我慢検定、1級 (Patience Test, Level 1)

I'm still in the process of figuring out what to do next year, and as always, the most difficult part is taking the step towards something.

This week, I've been considering applying to JR (Japan Railway) East to try and procure a job that would have some relationship with what I want to do in school next (transport). While it doesn't seem to be what I'm looking for, I've found out some interesting things about Japanese jobs in my research.

I was going to apply to be part of the "Green" staff (nothing to do with being "eco"), which consists of doing four jobs at four locations: ticket counter, ticket entrance, information kiosk, and travel bureau division. Looking through the job description, I saw that a new employee might have to switch spots up to 4 times in one year. This doesn't come as a surprise as most Japanese companies have you work multiple places to be a more rounded worker. For me, I thought, "Oh! I'd be useful in an information role, especially since there are usually plenty of foreigners lost in the labyrinthine stations in Tokyo!" Optimistically, I plowed my way through the online application. But as I continued on, I started to get disheartened at how poor of a candidate I was turning out to be. Under the qualifications section, there were several boxes for different kinds of certification for service positions. One that particularly stood out was the "サービス接遇検定," or "service and reception test, level 2." I knew about tests for levels of academic subjects, but...service? What is it based on? How big your smile is? How much keigo (super-polite language) you can pack in one sentence?

...so I looked into it. It is a test (split into written and interview sections) on how to react to different situations in a workplace, for example, what you shouldn't say to a regular at a coffee shop who says, "This coffee tastes a little different than it usually does!" (The answer is: "It's the same as usual, might it be your imagination?")

So without any qualifications, I'm letting the application sit in my browser, collecting digital dust.
But, I'm not feeling too down. Going through this way is the method other Japanese people will use, and Japanese is a category in which I don't quite belong. My next option would be to inquire directly, which I'm going to work on later this week.

One more interesting point about the job is the pay, specifically the bonus. If you haven't heard about Japan, bonuses are high. Foreign teachers don't get them, but the people that do get almost a significant boost twice a year or one lump sum based on performance and attendance. In this job, the base is so-so (180000¥ a month), but the bonus per year is...well... (~700000¥) The more smile lines, the more you bank.

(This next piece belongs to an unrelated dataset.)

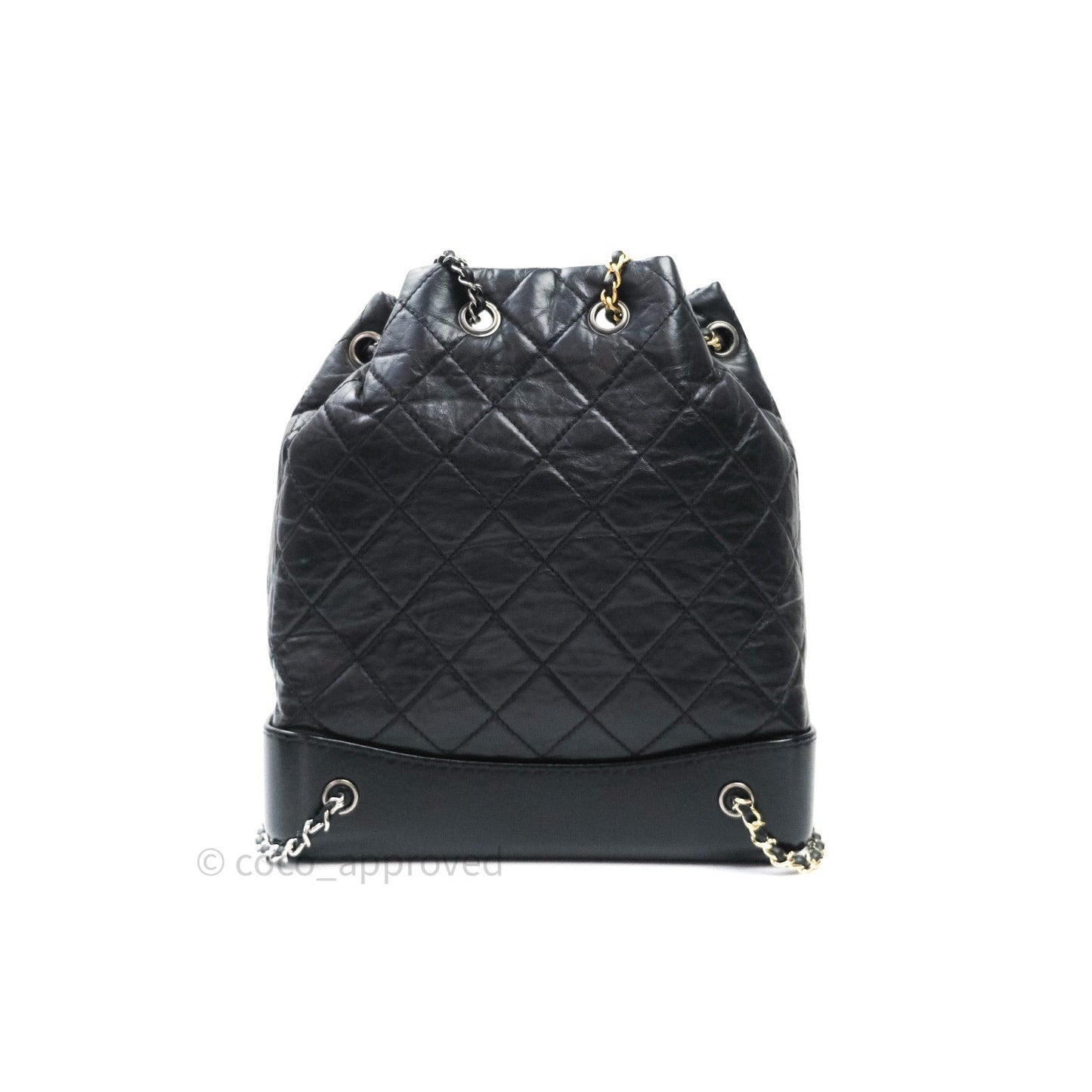 Chanel Gabrielle Backpack Black Aged Calfskin Medium Black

Getting a position outside of the education field is a huge challenge in Japan (part of why I want to do it), but red tape and knowing I'll probably have to work 25 hours a day are the major turn offs. That, and knowing that there are tons of tests out there that I should take if I want a specific job. The only ones I hold now are frustration with Japan, 2級, and indecision, 1級. And what does that get me?

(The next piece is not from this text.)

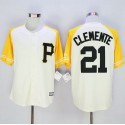 Pirates #21 Roberto Clemente Cream Gold Exclusive New Cool Base Stitched Jersey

A job teaching English at a Japanese school.

Wednesday, November 4, 2009

A somewhat sticky situation

Yesterday after class was finished, a second grade girl infamous for being reckless came into the 1st grade teacher's room, demanding that a set of improvised paper (trump) cards be returned to her. They were taken from her brother in another class, where he and a friend were playing during the lesson. When it was explained to her that they may not be returned until her brother apologized, she had a temper tantrum, the likes of which I haven't seen yet in Japan. Words between her and two female teachers were had, and they weren't nice words. She was flagrantly rude to the teachers, making fun of the way they addressed her, telling them off (with a sharp urusai!) multiple times, and even cutting off a teacher mid-sentence by answering her cell phone (of course, illegal in school). After the exchange she cursed them off with a biting Shineh! (Die!) and stormed out of the teacher's room.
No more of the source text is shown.